Assim, diante da afirmação unilateral e sem verificar a verdade para provar a afirmação do requerente, o curador de justiça, em caso de pretensões determinadas, decreta a assim chamada intimação de pagamento (ou notificação para pagamento), contra a qual o requerido deve apresentar impugnação. Se ele fizer isso, o procedimento passa ao processo ordinário e o procedimento monitório então foi somente uma forma especial de iniciar o processo; se ele não impugnar, e havendo pedido do requerente, decreta-se a chamada execução forçada, que torna exeqüível a notificação de pagamento e com respeito à impugnabilidade e à sentença de revelia.

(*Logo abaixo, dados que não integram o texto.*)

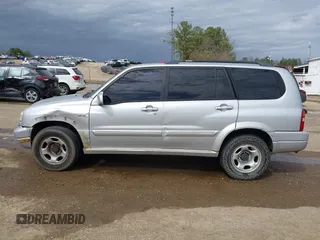 2002 Suzuki XL7 Standard z VIN JS3TY92V824101190, wystawiony jako IAAI lot #41749203 z przebiegiem 239 447 mil mil oraz . Historia ofert i sprzedaży dostępna na DreamBid. Obrazek 14.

Tornando-se inimpugnável a intimação, ela se converte numa sentença definitiva, com força de coisa julgada sobre a pretensão, que se baseia na omissão da impugnação. Sem impugnação não é possível uma negativa da pretensão. Sem impugnação não é possível um debate sobre a matéria e decisão do tribunal.

No procedimento monitório, a competência é do curador de justiça (Rechtspfleger), inclusive para a decretação do mandado executivo, sua recusa e remessa para o tribunal competente.

Apesar dos encômios que envolveram a introdução desse novo tipo de procedimento especial de jurisdição contenciosa, notadamente no que toca ao rigorismo técnico de suas normas e à intenção de economia processual que se embute nelas, não se pode fugir de algumas observações.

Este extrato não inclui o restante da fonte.